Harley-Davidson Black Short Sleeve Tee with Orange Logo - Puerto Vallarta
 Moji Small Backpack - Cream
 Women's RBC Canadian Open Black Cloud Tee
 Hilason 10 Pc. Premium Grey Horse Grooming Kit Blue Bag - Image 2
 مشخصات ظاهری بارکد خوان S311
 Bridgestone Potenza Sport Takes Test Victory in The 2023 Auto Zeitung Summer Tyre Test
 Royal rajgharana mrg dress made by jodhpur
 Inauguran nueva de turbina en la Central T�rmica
--------------------------------------------------
YOUR OBJECTIVE
Print the material once more, exactly.

RESULT OF THE TASK
Harley-Davidson Black Short Sleeve Tee with Orange Logo - Puerto Vallarta
 Moji Small Backpack - Cream
 Women's RBC Canadian Open Black Cloud Tee
 Hilason 10 Pc. Premium Grey Horse Grooming Kit Blue Bag - Image 2
 مشخصات ظاهری بارکد خوان S311
 Bridgestone Potenza Sport Takes Test Victory in The 2023 Auto Zeitung Summer Tyre Test
 Royal rajgharana mrg dress made by jodhpur
 Inauguran nueva de turbina en la Central T�rmica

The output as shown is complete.